• [Problem details]: Please reproduce the data exactly, excluding any pictures it contains.

• [Data excerpt]:
• • • • • • •
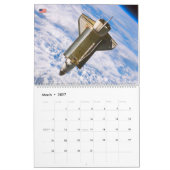 CALENDRIER NAVETTE ESPACE AMÉRICAINE (Mar 2027)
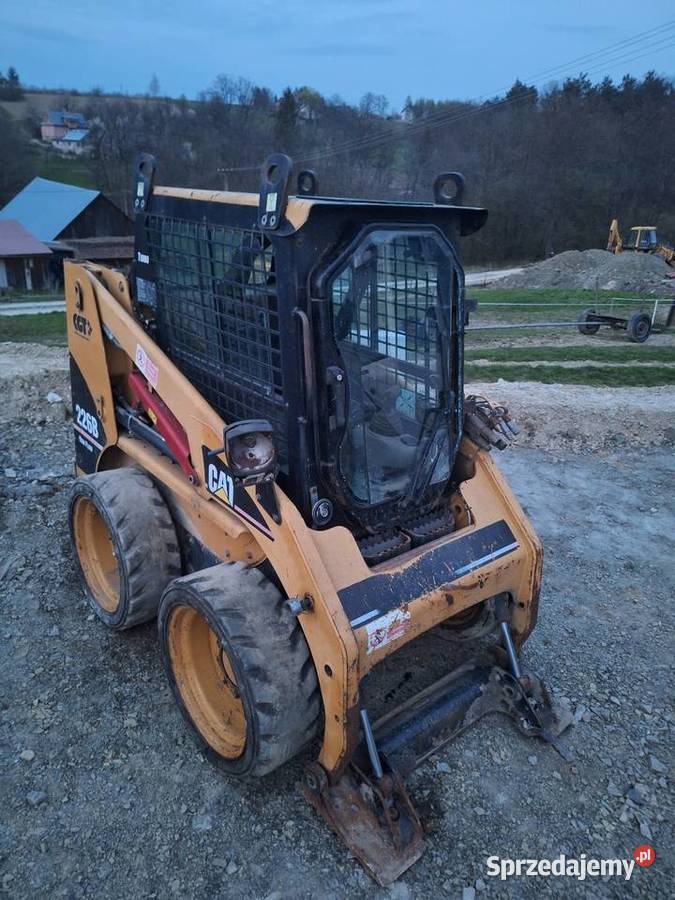 Miniladowarka caterpillar 226b małopolskie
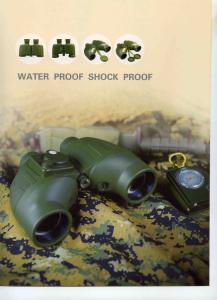 Quality military green shockproof Military telescope 7*50 wholesale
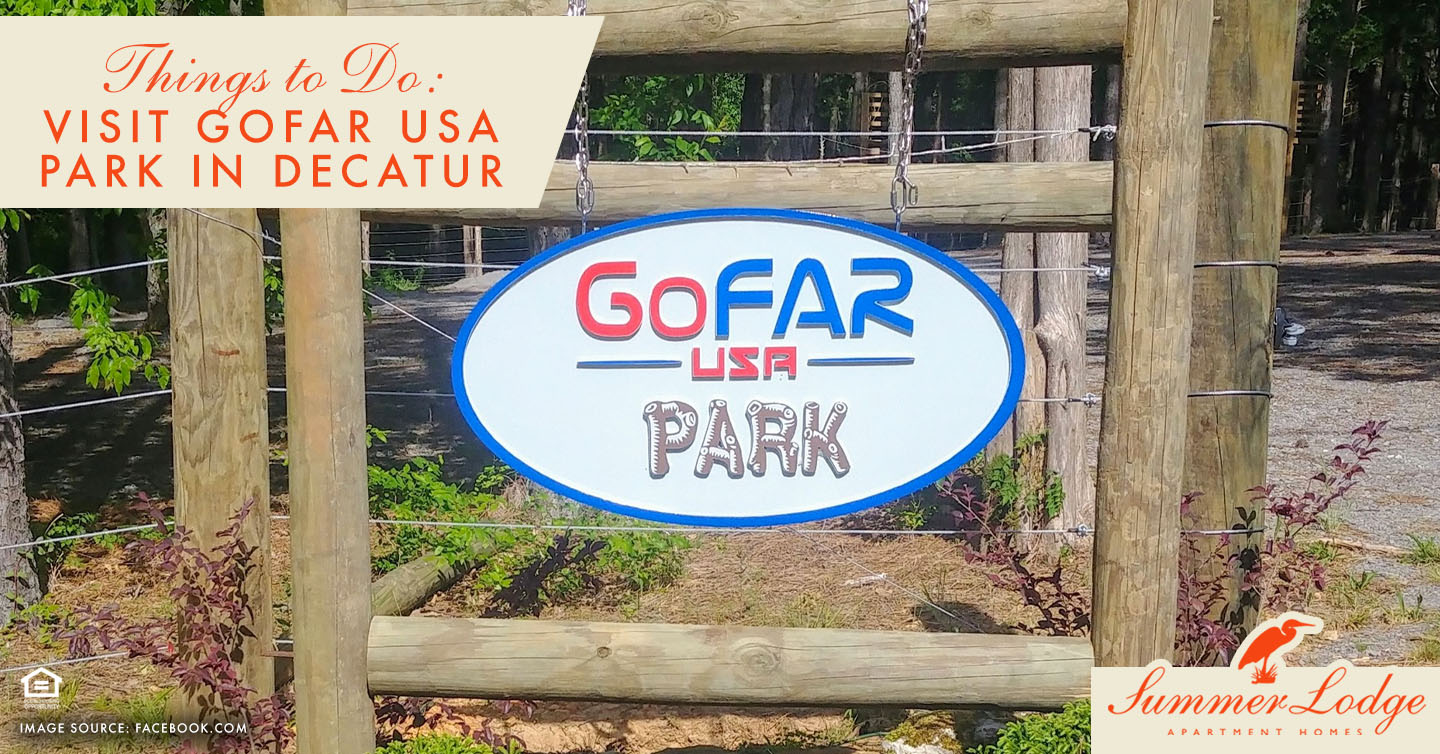 Things to Do: Visit GoFAR USA Park in Decatur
• • • • • • •
• [Solution]:
 CALENDRIER NAVETTE ESPACE AMÉRICAINE (Mar 2027)
 Miniladowarka caterpillar 226b małopolskie
 Quality military green shockproof Military telescope 7*50 wholesale
 Things to Do: Visit GoFAR USA Park in Decatur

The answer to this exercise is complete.